Brick piers/ veneer at garage level: For a cavity under a pier, fill the cavity with appropriate masonry material. For deteriorated brick or mortar, remove and replace the Chicago brick, and properly tuckpoint the area.
It is strongly recommended that homeowners coat their brickwork with a water-repellent treatment (i.e. Chimneysaver) to reduce water intrusion and extend the life of the brick.
A City building permit are required for chimney repairs. Once the repairs are completed, BHA Homes Maintenance Committee will arrange for a GAF roof warranty representative to inspect the roof area around chimney work to ensure the repair work meets GAF Golden Pledge roof warranty requirements.
Newly repaired areas of brick – mortar joints should be struck to prevent moisture intrusion. This is critical on chimneys above the lowest roof line and other areas that may be subject to excessive moisture. The use of a water repellent is strongly recommended.
There must be no Old English Cut joints on chimneys above the lowest roof line. [an “Old English Cut” mortar joint results from a technique where the mason cuts away protruding mortar from the front of the wall/structure without striking the joint to seal the outside surface of the mortar to the brick].
There must be no wheel raked joints on chimneys above the lowest roof line [a wheel raked joint is where the mortar has been cut back a certain distance - approx. 1/4” to 3/8” - from the front of the brick], as this type of joint exposes the front of the bricks to moisture infiltration, an easy path for water penetration into the wall/structure.
Moisture penetration is a big concern when porous brick, such as Chicago brick, has been used. It is important to prevent or minimize moisture infiltration to extend the lifespan of the brick and mortar by using proper masonry techniques and applying water repellant treatment (i.e. Chimneysaver).
NOTE: An ACC application is required for chimney crown work. Both chimney crown styles described below and shown in in this section meet City code and do not require a building permit.

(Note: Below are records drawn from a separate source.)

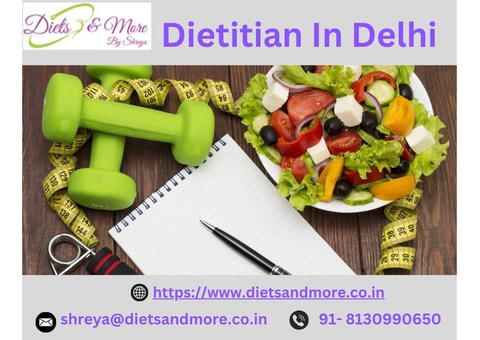 Dietitian In Delhi: One step towards your health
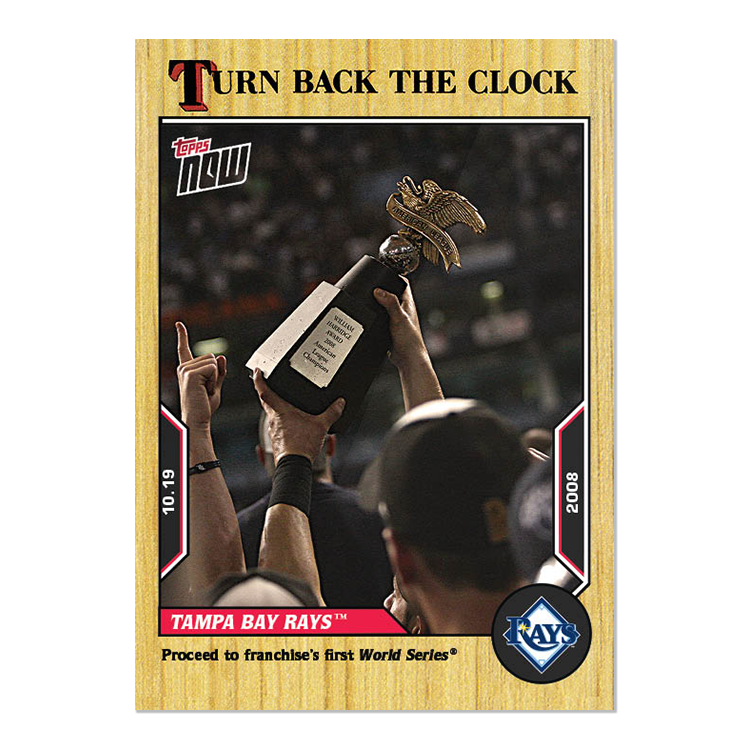 Tampa Bay Rays - 2022 MLB Topps NOW® Turn Back The Clock - Card 203 - PR: 180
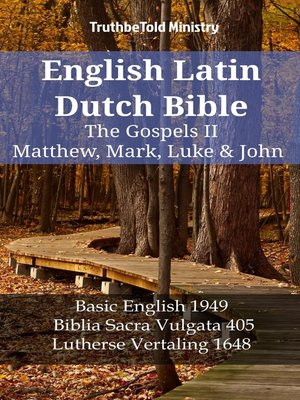 cover image of English Latin Dutch Bible--The Gospels II--Matthew, Mark, Luke & John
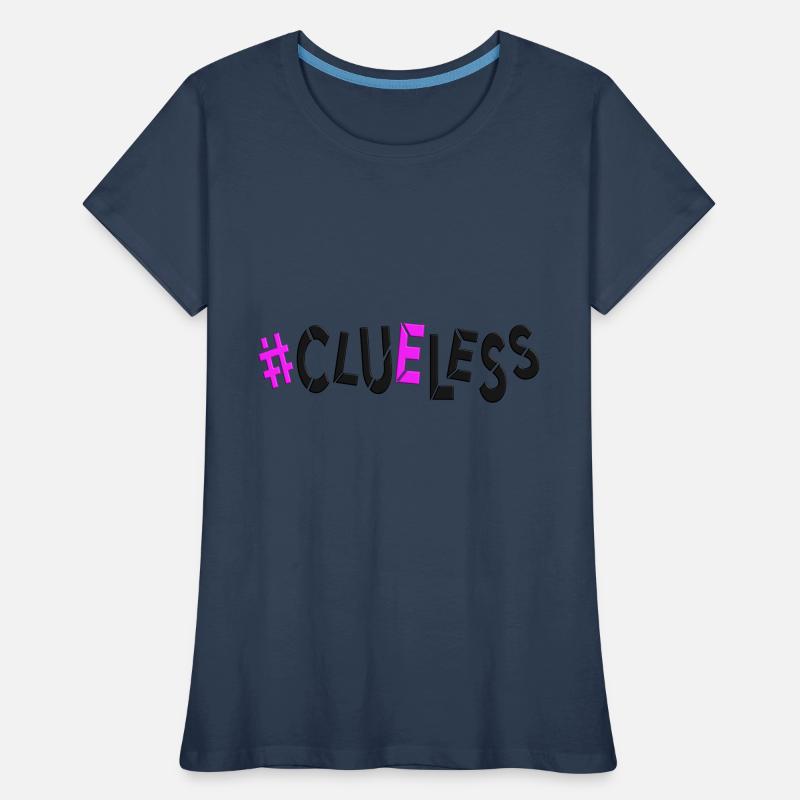 #clueless no plan idealess planless directionless Women's Premium Organic T-Shirt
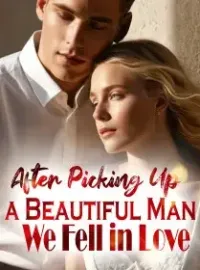 After Picking Up a Beautiful Man, We Fell in Love Novel Cover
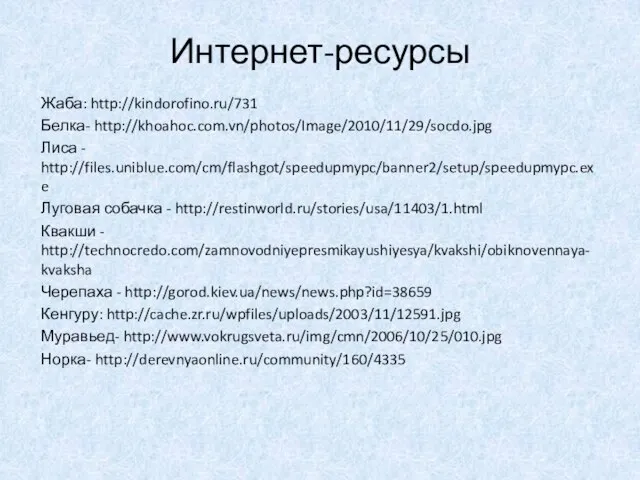 Интернет-ресурсы Жаба: http://kindorofino.ru/731 Белка- http://khoahoc.com.vn/photos/Image/2010/11/29/socdo.jpg Лиса - http://files.uniblue.com/cm/flashgot/speedupmypc/banner2/setup/speedupmypc.exe Луговая собачка - http://restinworld.ru/stories/usa/11403/1.html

Remove any “dummy” tiles [terra cotta clay flue placed into the concrete crown at the top of the chimney and filled with masonry material to aesthetically balance the look of the chimney] and close the crown area to reduce the amount of moisture that enters the crown at the time of crown replacement (no resetting “dummy” flues into newly poured replacement crowns is allowed). On existing dummy tiles, be sure they are sealed with clear silicone or a better product [joint around the circumference of the tile and top area and shape to wash water off].
Chimney crowns must be natural concrete in color, not white. The crown should not be flat, but angled to shed water, with a minimum thickness (height) of 3.5 inches. An expansion joint, minimum 1/16 inch, should be placed around any flue or projection out of the top of the chimney chase to allow for expansion of the flue, minimizing damage to the flue and crown. This gap around each flue should be sealed with an appropriate material (100% silicone).
An overhanging crown is also permitted. In addition to the requirements above, it must have a 2- to 4-inch overhang and a gap or kerf on the underside of the overhang, at least 1/8 inch thick and 1 inch away from the vertical plane of the brick chase to create a water break. The main purpose for the overhang is to minimize moisture infiltration into the brick. Without the gap or kerf, the overhang is much less effective.